In Virginia, their initial exit polls showed it tied, 49-49.
But Obama won Virginia 51% to 47 - so, again, a significant surge toward Obama.
Initial exit polling also had Obama and Romney tied in North Carolina. Romney won the state 50-48.
Ohio's exit poll was in favor of Obama 51-48 . Obama won the state ... 50-47.
Florida was 50-49 and that's about what Obama won the stat with.
So, again, this hits to my point that they aren't perfect. Neither NC or VA were tied in the final results and yet, the initial exit polls showed that.
One shift favored Romney (NC) and the other Obama (VA).
Was that fraud?
Or just the margin of error?
Beyond all that - for this guy's point to be correct, there would have to be wide-spread election fraud at every level of every state and I just can't get into the idea that something like that has happened, consistently, for many, many years. Sorry.
Drunken Irishman
(34,857 posts)Hillary's lead suggested the election was far narrower than 2012. Everyone should focus on the national popular vote because it's often the best indicator of how things are going in those swing states.
Take this as an example:
Had Hillary won the national popular vote by just five-points, without any change in, say, California (still winning it by 30%, which was a higher margin than Obama won it in 2012), her margin over Trump nationally would have been 6,842,875, or 3,974,357 MORE than in 2016 over Trump.
That near-4 million vote has to come from somewhere. It would have come from those exact states and since Hillary lost those states by a combined 77,000 or so, having won 4 million more votes on top of what she won in 2016 would have been enough.
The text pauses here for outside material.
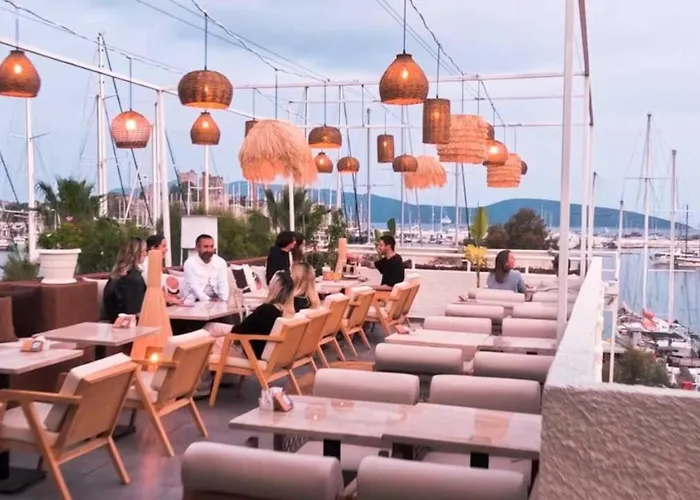 Tosunpasa Hookah Lounge Kafe Restroran Ve Turizm Otelcilik Бодрум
So, you're wrong. The national lead is absolutely a good indicator of the election. In fact, it's the best indicator we have because national polls tend to be more accurate than local polls (larger sample size, often smaller MOE and more frequent polls).
Demsrule86
(68,556 posts)with numbers like this...Biden is ahead in the blue wall states too...a landslide is what we need. WE can walk and chew gum at the same time.
pecosbob
(7,538 posts)smirkymonkey
(63,221 posts)We will not accept another illegetimate election. We can not let it ever happen again. We have more power than we think we do.